- What you are asked to do -
Could you please output only the lines from the one holding "In order to" through the end of the listing below, exactly as written and without pictures?

*** Begin section ***

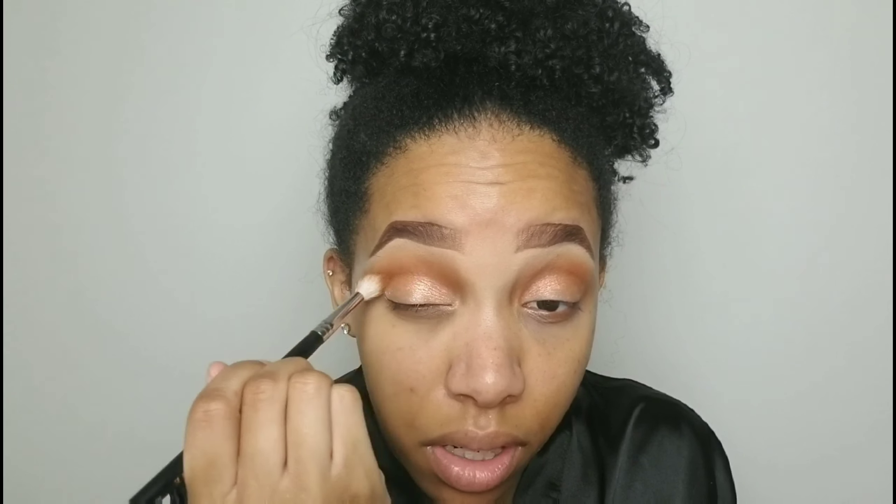I'm going back in with my Morphe 513 blending brush, picking up that same crease color from before, and just blending out the crease where I got a little eyeshadow application.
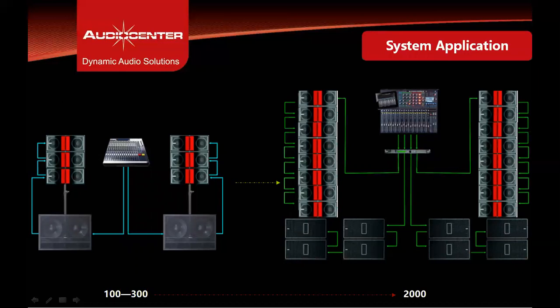The KLA28 DSP can be configured in different ways — three or four cabinets stacked on a subwoofer, or as a flown system of up to 16 cabinets depending on the venue or show requirements. The KLA28 DSP is completely scalable for handling small setups to much larger setups.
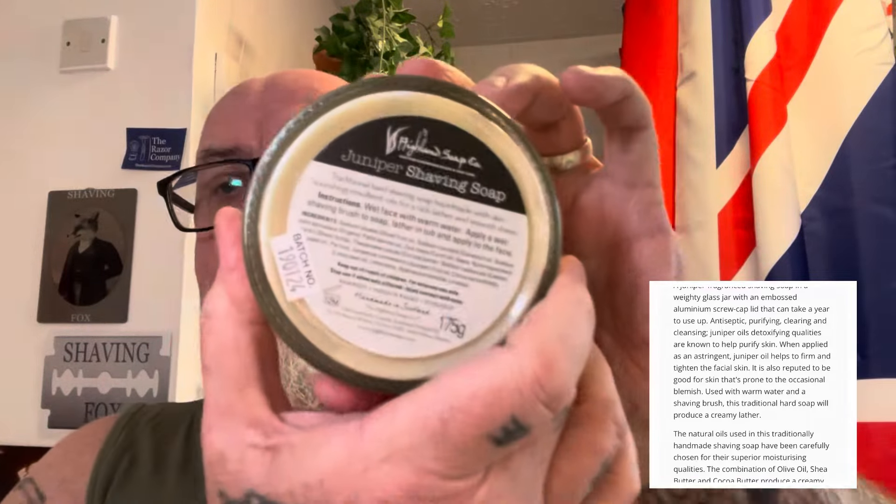The soap they've sent me is from the Highland Soap Company — it's the Juniper Berry scent, and it comes in a glass jar. It's a big glass jar, 175 grams including the jar. It's a rock-hard soap and the scent is amazing — it's juniper but so fresh, like a really fresh Scottish day to be honest. It smells lovely, it really does.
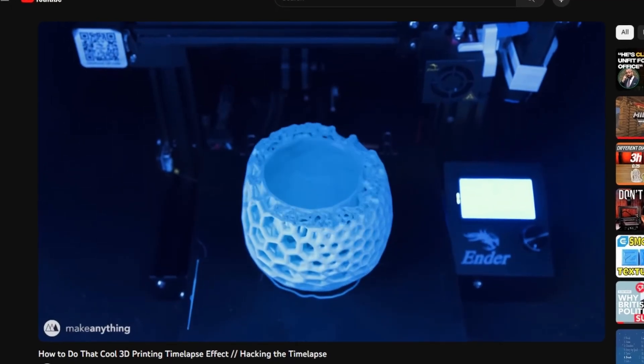In order to make the custom time lapses, I'm using this cheap remote shutter button which I then press using the printer head to take a photo each layer. I got the idea for this from a video by Make Anything, which I'll link in the description, but to get it working I had to first design and print a mount to attach this specific shutter button to the Ender 3.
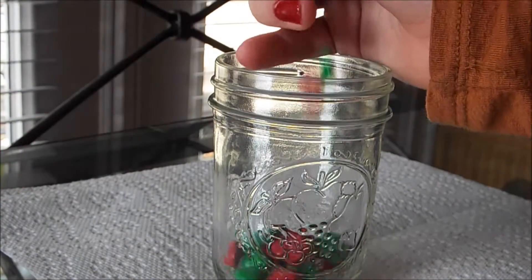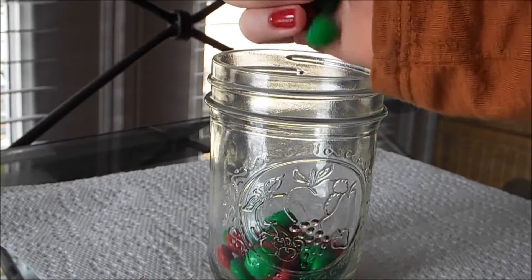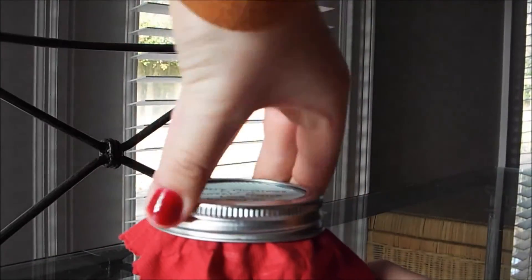You're first going to put the M&M's in the mason jar, and make sure that there aren't a bunch of greens together and a bunch of reds together. Now put the fabric over the mason jar, and put the lid on top of the mason jar, and you're finished.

*** End section ***

- Exercise answer -
In order to make the custom time lapses, I'm using this cheap remote shutter button which I then press using the printer head to take a photo each layer. I got the idea for this from a video by Make Anything, which I'll link in the description, but to get it working I had to first design and print a mount to attach this specific shutter button to the Ender 3.
You're first going to put the M&M's in the mason jar, and make sure that there aren't a bunch of greens together and a bunch of reds together. Now put the fabric over the mason jar, and put the lid on top of the mason jar, and you're finished.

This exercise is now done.